Why Hermès Wins (And Why That Makes Sense)

At the top of the portfolio sits Hermès, delivering an extraordinary 2,206% return over 20 years.

Not because it moved faster – but because it moved differently.

No aggressive discounting. No chasing trends. No over-expansion. Just controlled supply, consistent identity, and pricing power that most brands can’t replicate.

This is exactly the kind of discipline that defines both luxury and long-term value.

Not All Luxury Moves the Same

The data also makes one thing very clear: luxury isn’t one uniform category.

While brands like Ralph Lauren (525%) and Richemont (619%) delivered strong long-term growth, others like Burberry (92%) and Kering (149%) lagged significantly over the same period.

The gap comes down to positioning:

  • Ultra high-end vs aspirational luxury
  • Brand consistency vs reinvention cycles
  • Controlled demand vs expansion-driven growth

In other words, the difference between being desirable and being everywhere.
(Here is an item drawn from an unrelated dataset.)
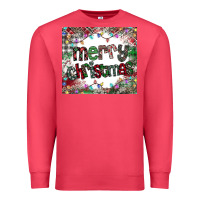 Cardinal merry Christmas Premium Sweatshirt - CowhideDigitalArt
The Devil Wears Prada- Miranda Priestly luxury portfolio by Etoro

The Reality Check: Short-Term Volatility Is Real

Despite long-term strength, the last few years tell a more complex story.

Luxury stocks have recently faced pressure, particularly as geopolitical tensions impact tourism and global demand – both critical drivers for the sector.

Over shorter periods:

  • 10-year returns lag slightly behind broader markets
  • 3-5 year performance shows slower momentum
  • Recent volatility reflects sensitivity to global conditions

Luxury may look timeless, but its performance still reacts to the world around it.

The Real Lesson Behind the “Miranda Portfolio”

If there’s one takeaway, it’s this:
Luxury, at its core, rewards discipline – not noise.

The strongest brands don’t chase relevance. They build it slowly, protect it fiercely, and scale it selectively.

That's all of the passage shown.